Enough Senate Republicans blocked efforts to proceed onto a replacement bill this past week, and a sufficient number then blocked efforts to take up a Plan B — the straight repeal plan that President Obama vetoed more than a year ago.

It’s unclear which path to repeal will take precedent moving forward, or if any of them can gather enough support, though the administration said President Trump’s preference is for Republicans to both repeal and replace the law.

“It’s time for them to step up and get that done,” White House Press Secretary Sarah Huckabee Sanders said.

Senate Majority Leader Mitch McConnell wants to move onto the bill Tuesday, setting the stage for an open amendment process and potential passage before Congress breaks for its August recess.

GOP leaders say the Senate must get on the underlying House bill and let the most popular ideas win out.
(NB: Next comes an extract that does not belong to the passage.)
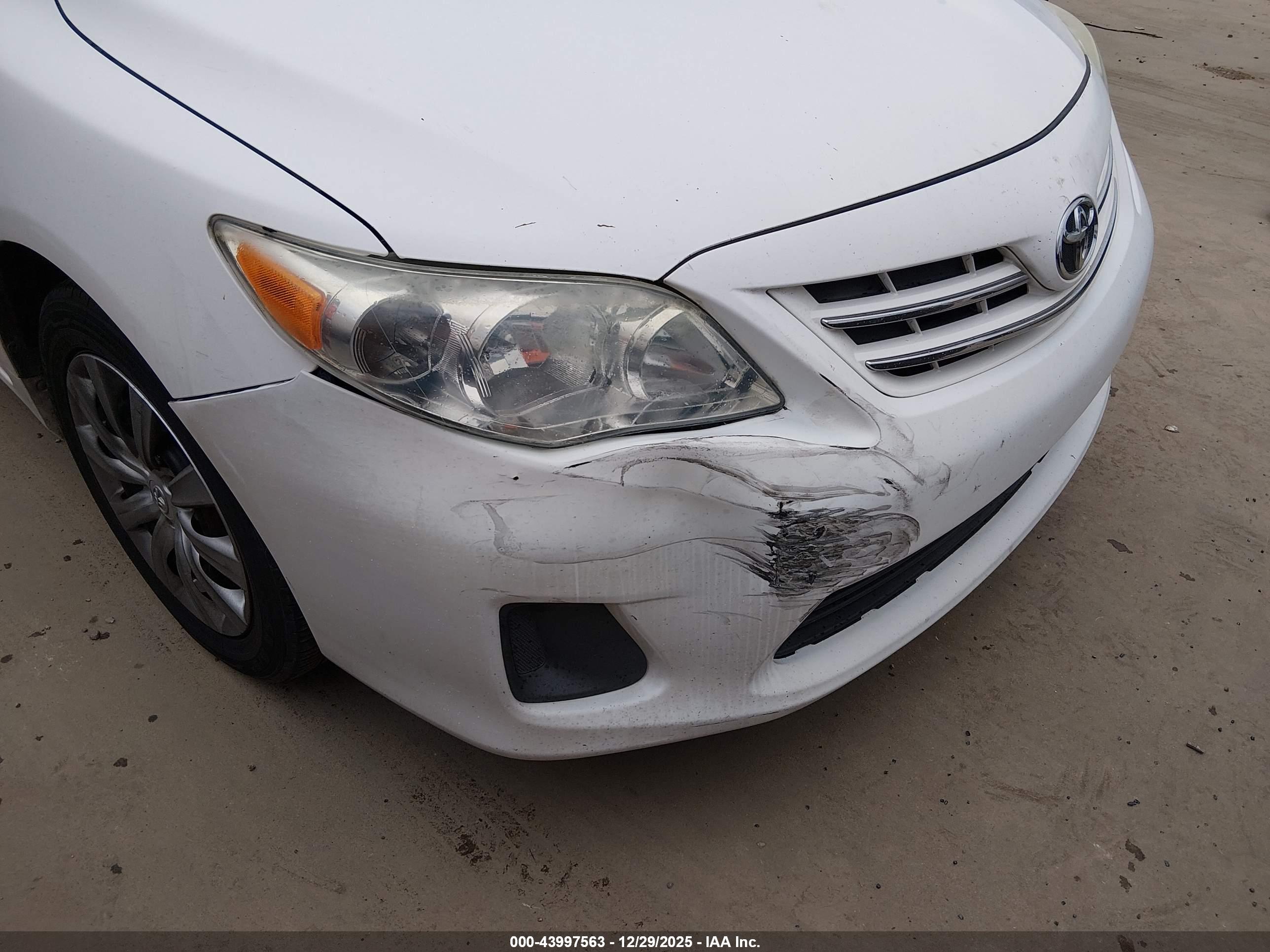 TOYOTA COROLLA image 6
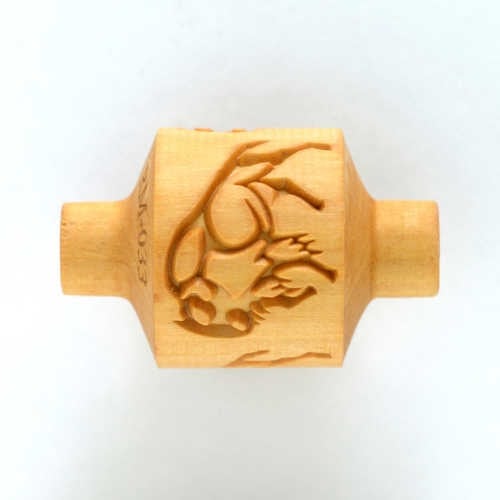 RM-033 Medium Handle Roller – American Bison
They say holdouts should be brave enough to start debate and then withhold their votes for final passage, if that’s their stance.
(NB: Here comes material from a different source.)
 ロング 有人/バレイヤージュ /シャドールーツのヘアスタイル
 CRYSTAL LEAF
But with every Democrat defending President Obama health law, the motion to even get on the bill must attract at least 50 votes from the GOP’s narrow majority, with Mr. Pence serving as tie-breaker.

“We’ve probably got I think 45 or 46 ‘yes,’ now. It’s a handful of ‘no’s‘ right now,” Sen. Ted Cruz, Texas Republican, told Fox News. “I think they’re going to get to yes. I don’t know how you face people who elected you when you won’t even vote to take up the bill.”

Some GOP moderates want to let states take their Obamacare money and do what they want with it, while others want to hold hearings on the best way to fix Obamacare’s ailing markets, so Democrats are included.

Pro-Obamacare groups are pressuring GOP holdouts to resist repeal.

A coalition known as Save My Care released ads Friday urging Sen. Dean Heller, Nevada Republican, facing a tough re-election bid, to “take a stand” and vote against any GOP plan. The six-figure buy also targets Republican senators Shelley Moore Capito of West Virginia and Lisa Murkowski of Alaska, who’ve opposed a repeal-only bill.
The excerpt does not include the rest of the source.